BY: ANNA WILLARD
A couple Sundays ago, I finished a beautiful nine-mile long run while camping in upstate New York. I arrived back at the campground where my husband, Bob, was already packing up from our five-day stay. Realizing we had a long day ahead, and threatening rainstorms, I quickly headed up to the small women’s room to shower. Walking in, thankfully, the one shower stall was unoccupied, as more than half of the campground’s 25 campsites had been vacated. As I showered, I replayed the wonderful week we had had in the Thousand Islands, feeling mentally and physically refreshed.
Then, out of the corner of my eye, I noticed an object move. I shifted my gaze and saw a cellphone poking under my shower’s stall door. I could see from the 12-foot distance that the phone was on selfie mode and that the camera was capturing my own body.
Shocked, I paused for a moment and waited for some sort of explanation. My first thought was it must be another woman, maybe a younger girl (as there were many at the campground) who was too shy to ask if I would be done soon. But when I didn’t make any declaration that I was aware of the cell phone, the owner became more bold and put his face under the stall door. Even with half of his face obscured and turned sideways, I was certain he was a male. I saw his brown hair speckled with gray, closely cropped. I saw his lightly tanned skin and his green or hazel eyes.
“Can I f****** help you!?!?” I yelled.
He quickly retreated and silence ensued. Was I alone in the bathroom, or was he waiting for me to open the door? I stood there, covered in suds, listening intently, with my heart and mind racing. When I felt confident that I was alone, I wrapped my towel around me and closed the main entrance door that had been propped open. I quickly finished showering, got dressed and hustled back to the campsite to tell Bob what had happened.
I felt disgusting as my eyes scanned the campground for the offender. I realized then that countless people at the campground fit my weak description - middle-aged white males with green, or hazel, or possibly light brown eyes. Even my own husband’s hair was roughly the same color as the perpetrator’s.
We spoke with the manager who seemed clueless on how to handle the situation, saying that nothing like this had ever happened there, and promising to ask around to see if anyone had seen a man entering or exiting the women’s room.

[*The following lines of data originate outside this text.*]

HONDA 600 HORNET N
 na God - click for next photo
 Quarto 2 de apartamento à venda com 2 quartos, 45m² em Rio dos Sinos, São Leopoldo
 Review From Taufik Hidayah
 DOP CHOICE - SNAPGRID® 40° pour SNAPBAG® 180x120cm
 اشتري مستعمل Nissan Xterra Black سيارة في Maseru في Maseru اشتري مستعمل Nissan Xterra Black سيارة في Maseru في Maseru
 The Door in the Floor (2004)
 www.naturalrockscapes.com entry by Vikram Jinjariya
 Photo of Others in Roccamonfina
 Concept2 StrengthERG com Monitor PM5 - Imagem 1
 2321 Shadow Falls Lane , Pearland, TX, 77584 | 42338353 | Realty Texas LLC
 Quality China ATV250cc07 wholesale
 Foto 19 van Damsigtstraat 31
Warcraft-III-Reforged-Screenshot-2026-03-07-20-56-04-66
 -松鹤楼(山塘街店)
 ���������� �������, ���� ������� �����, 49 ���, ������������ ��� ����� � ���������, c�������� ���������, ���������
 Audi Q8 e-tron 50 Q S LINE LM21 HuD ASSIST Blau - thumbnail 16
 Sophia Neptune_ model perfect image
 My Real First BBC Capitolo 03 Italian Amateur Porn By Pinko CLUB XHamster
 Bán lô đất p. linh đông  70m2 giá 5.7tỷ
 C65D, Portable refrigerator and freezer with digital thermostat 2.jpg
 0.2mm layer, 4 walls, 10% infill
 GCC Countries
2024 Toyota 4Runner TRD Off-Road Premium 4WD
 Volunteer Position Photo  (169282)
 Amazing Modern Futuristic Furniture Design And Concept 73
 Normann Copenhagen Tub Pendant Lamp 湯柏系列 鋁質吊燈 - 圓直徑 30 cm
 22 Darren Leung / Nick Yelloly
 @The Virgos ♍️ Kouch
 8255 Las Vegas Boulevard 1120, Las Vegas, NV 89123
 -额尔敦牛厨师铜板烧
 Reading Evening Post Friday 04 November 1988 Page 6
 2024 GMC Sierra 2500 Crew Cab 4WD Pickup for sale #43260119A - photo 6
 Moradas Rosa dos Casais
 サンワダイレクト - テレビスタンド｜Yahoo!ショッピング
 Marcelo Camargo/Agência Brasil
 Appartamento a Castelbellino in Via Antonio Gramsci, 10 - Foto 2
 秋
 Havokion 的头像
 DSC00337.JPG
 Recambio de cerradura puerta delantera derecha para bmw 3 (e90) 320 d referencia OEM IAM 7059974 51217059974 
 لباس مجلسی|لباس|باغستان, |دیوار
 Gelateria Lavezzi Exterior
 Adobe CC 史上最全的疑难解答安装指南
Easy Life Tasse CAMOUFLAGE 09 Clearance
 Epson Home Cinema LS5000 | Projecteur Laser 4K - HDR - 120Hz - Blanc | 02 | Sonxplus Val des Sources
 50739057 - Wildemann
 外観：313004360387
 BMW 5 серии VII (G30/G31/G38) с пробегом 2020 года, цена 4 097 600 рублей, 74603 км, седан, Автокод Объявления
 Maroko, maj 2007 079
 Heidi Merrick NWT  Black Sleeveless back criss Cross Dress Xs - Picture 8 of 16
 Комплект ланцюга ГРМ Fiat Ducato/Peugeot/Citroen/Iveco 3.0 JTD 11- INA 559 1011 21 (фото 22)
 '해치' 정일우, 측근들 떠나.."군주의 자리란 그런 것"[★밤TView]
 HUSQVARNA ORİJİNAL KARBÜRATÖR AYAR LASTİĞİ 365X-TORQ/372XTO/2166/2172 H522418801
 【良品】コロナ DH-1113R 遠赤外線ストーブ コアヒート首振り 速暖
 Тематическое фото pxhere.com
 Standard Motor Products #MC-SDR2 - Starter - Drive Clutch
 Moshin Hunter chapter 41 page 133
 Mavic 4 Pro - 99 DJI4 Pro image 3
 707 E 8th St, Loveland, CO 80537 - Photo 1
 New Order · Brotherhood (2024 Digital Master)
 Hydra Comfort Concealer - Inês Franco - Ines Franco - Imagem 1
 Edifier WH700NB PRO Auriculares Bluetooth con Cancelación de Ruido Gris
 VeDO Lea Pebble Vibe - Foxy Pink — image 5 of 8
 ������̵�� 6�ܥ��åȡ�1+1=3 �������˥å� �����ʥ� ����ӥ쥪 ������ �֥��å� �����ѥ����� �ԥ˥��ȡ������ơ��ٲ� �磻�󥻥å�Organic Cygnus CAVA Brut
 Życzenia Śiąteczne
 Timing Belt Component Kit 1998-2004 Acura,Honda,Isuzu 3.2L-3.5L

Unsettled, but realizing we had an eight-hour journey ahead, we departed.
The following week, back in the safety of my own home, I started to feel a deep rage building inside of me. Why didn’t I yell when I saw the cellphone? Why hadn’t I kicked the man in the face? Why hadn’t I pursued him immediately? Why hadn’t I gone from campsite to campsite demanding to see the cell phone of each man?
Mostly, why hadn’t I been braver?
I always thought that if I was under attack or if somebody was taking advantage of me that I would respond heroically. But when it actually happened, I was only afraid, and I didn’t know how to save myself. I was left feeling a sickening anger, at the perpetrator and also mostly at myself for not taking action in a way I always thought I could.
Trying to digest both what had happened and my reaction to it, I relayed the story to the athletes that I coach and to my friends and family. Everyone reacted almost identically: disbelief then dismissal. Disbelief that anyone would try to take advantage of me, and then dismissal because I would be capable of handling anyone who meant me harm. What an air of confidence and bravery I must convey! Most of these conversations devolved into jokes of what could have been. My alternate universe super hero was often a sudsy avenger streaking across the campground in hot pursuit of the criminal.
I recognize this is a small assault, a juvenile act, a Peeping Tom and that there are so many others who have been violated in ways that I can’t even imagine. But that does not change that it was taking something from me that I did not consent to give.
What I know for sure is I was not the first woman who was victim to this specific voyeur. He was brash. Not only did he enter a public women’s restroom in daylight with many other people in full view, but he exposed his face to the woman he was spying on. This is not covertly taking pictures from across the campground. He chose a high-risk situation with a large chance of being caught. That also makes me certain I will not be the last woman he violates.
Now thinking back to this moment I feel like it was a wake-up call. No one is impenetrable or invincible. Crimes of all kinds occur every day, even to the strongest of us. I have no desire to live in fear: fear of where I should or shouldn’t be, fear that I cannot take care of myself, or fear that something terrible is going to happen. I refuse. So I’ve signed up for Krav Maga, an Israeli self-defense seminar.
I want to understand how to protect myself and be my own savior. I want to respond to situations with intelligent bravery, not in fear. I want to live and run freely.